Дюкло вдруг замолк и, затаив дыхание, уставился на товарищей. Потом с тем странным и решительным выражением, с которым, бывало, вступал в драку, он, шатаясь, подошел к матросу, обнимавшему девку, и ударил рукой между им и девкой, разделяя их.
- Прочь! Разве не видишь, она сестра тебе! Все они кому-нибудь да сестры. Вот и эта сестра Франсуаза. Ха-ха-ха-ха... - зарыдал он рыданиями, похожими на хохот, и он зашатался, поднял руки и грянулся лицом на пол. И стал кататься по полу, колотясь о него и руками и ногами, хрипя, как умирающий.
- Надо его уложить спать, - сказал один из товарищей, - а то как бы на улице не засадили его.
И они подняли Селестина и втащили наверх в комнату Франсуазы и уложили его на ее постель.
Л. Н. Толстой (по Мопассану).
Не убий относится не к одному убийству человека, но и к убийству всего живого. И заповедь эта была записана в сердце человека, прежде чем она была услышана на Синае.
Как бы убедительны ни были доводы против безубойного питания, но человек не может не испытывать жалости и отвращения к убийству овцы или курицы, и большинство людей всегда предпочтут лишиться удовольствия и пользы мясной пищи, чем самим совершать эти убийства.
"Но если надо жалеть овец и кроликов, то надо жалеть и волков и крыс", - говорят враги вегетарианства. - Мы и жалеем их и стараемся жалеть их, отвечают вегетарианцы, и отыскиваем против наносимого ими вреда средства помимо убийства, и средства эти находятся. Если же вы говорите то же о насекомых, то мы хотя не испытываем к ним непосредственной жалости (Лихтенберг говорит, что жалость наша к животным прямо пропорциональна их величине), но думаем, что можно испытывать и к ним жалость (как Сильвио Пеллико к пауку), и против них могут быть найдены средства помимо убийства.
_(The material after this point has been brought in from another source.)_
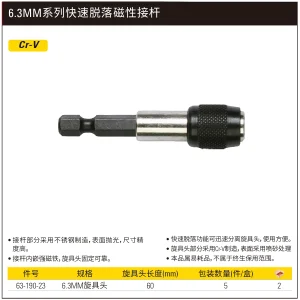6.3MM系列快速脱落磁性接杆60mm(x5)（定制）;63-190-23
"Но ведь растения тоже живые существа, и вы уничтожаете их жизнь", говорят еще противники вегетарианства. Но этот самый довод лучше всего определяет сущность вегетарианства и указывает средства удовлетворения его требованиям. Идеальное вегетарианство есть питание плодами, т. е. оболочкой семени, заключающей жизнь: яблоки, персики, арбузы, тыквы, ягоды. Гигиенисты признают эту пищу самой здоровой, и при этой пище человек не уничтожает жизнь. Знаменательно при этом еще то, что приятность вкуса плодов, оболочки семян, делает то, что люди, срывая и съедая плоды, разносят их по земле и размножают.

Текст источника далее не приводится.